Hi Stefan,

Thanks for your interest in the project.

I hear what you are saying, that aproach would be very easy but I am trying to keep the parts used to readily available and cheap. Some of the forum members live in areas where even common parts are difficult to obtain.

With regards to noise, integrators as used in most PI's are affected by noise, whether it be from the power rails or induced.

The 64 sample approach has a lot of noise immunity I believe due to the fact the gate to them is only open for a very short period and because they are disconnected when not being charged or digitised which again happens very quickly. The prototype is so noisy I can't have my workshop radio on and yet the jitter on the counts is only 1 or 2 and because there is so many of them to average the noise will be well and truly cancelled.



regards
bugwhiskers

Following a suggestion by bbsailor the UPIM is now a Motherboard / daughter board system.

Over the next week I will be posting information and schematics for the 3 PCB's.

The Motherboard measures 3" * 3" (the reason for the small size will explained later). It holds the Micro (ATMEGA644 DIP 40 package), a programming header, a LCD screen header, MOSFET driver chip, minus battery *2 charge pump and conditioning circuitry to read the battery voltage and input push buttons.
The Motherboard has 2 bus sockets, socket 1 is for the coil drive and pre-amp circuitry and the second socket is for secondary signal conditioning, ie integrators or my switched multiple capacitor type.
The daughter boards measure 3" * 1.6" making the whole package very compact.

All micro source code to drive the display and daughter boards will be posted also.

At the moment I cannot source the micro so I am using an ATMEGA16 which has RAM limitations so the source code will change once the preferred micro is available.

The UPIM will not only make PI experimentation a lot easier but will provide an easy entry into the world of micro-control via the 3 essentials ie. input device (push buttons), micro-processor and output device (LCD graphic/text screen).

Stay tuned !

regards
bugwhiskers

UPIM Motherboard

The attached files show pics of the UPIM Motherboard at work, Schematic and PCB.

The schematic has the legend for the bus, what each bus line does.

There are a few components mounted under the micro. The board is single sided with just a handfull of links and not too tight to make at home like I did using Kinsten pre-coated PCB material.
If anyone wants the CAD files (Eagle light) I will post these also.

In the pic you will see a PCB in socket #1, this is the coil/pre-amp board, it will be populated tomorrow and I will post the schematic and PCB file. It is based on Carl's Dual/Single coil with 2 stage pre-amp.

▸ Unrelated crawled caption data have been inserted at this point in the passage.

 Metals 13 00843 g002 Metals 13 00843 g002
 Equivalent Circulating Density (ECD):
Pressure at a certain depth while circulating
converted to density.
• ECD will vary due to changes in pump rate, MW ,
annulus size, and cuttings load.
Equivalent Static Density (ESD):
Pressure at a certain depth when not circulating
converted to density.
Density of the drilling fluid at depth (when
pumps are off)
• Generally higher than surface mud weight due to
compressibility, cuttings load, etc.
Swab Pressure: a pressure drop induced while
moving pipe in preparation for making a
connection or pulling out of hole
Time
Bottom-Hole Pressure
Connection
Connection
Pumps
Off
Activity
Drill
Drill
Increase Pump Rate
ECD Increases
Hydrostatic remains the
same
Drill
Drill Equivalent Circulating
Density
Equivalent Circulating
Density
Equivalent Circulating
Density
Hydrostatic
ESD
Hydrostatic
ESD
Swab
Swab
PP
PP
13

Today I ordered 3 of the micros but they won't arrive until the end of April so the final programming can't happen till then.

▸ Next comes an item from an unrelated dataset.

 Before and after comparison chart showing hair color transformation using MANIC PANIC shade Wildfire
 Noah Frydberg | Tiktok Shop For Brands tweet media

All the chips (10 * 16 pin PDIP's) required to take 64 samples won't fit on the PCB. I have laid out a SMD version but that is a while off being made. The compromise is to have a 24 sample version, using 3 of the 8 chips required to take 64 samples. The artwork is ready and I just have to make the PCB and populate it. All going well there will be a 24 sample PI up and running by the weekend, I for one can't wait to see how the samples in certain areas of the decay curve change with different metal types.

Don't be too shy to ask questions

regards
bugwhiskers

UPIM Coil/Pre-Amp Board

The attached files are the schematic, pcb and component overlay for the UPIM Coil/Pre-Amp daughter board.

The circuit is based on one of Carl's dual coil designs. The changes are the MOSFET's, they are now "P" channel and the second stage amp is an AD8055 to provide the grunt to charge/discharge the sampling caps quickly.

Interfacing a micro to a PI is far far easier with "P" channel devices because the back EMF and decay signal are centred about battery ground. The only down side to this is generally P channel devices don't have as high voltage ratings and the RDS is not quite as good as N channel devices.

The MOSFET included in this design was suggested by bbsailor, it has a 250V rating. The prototype has an IRF9640 (200 Volt), 0.5 ohm RDS and works fine.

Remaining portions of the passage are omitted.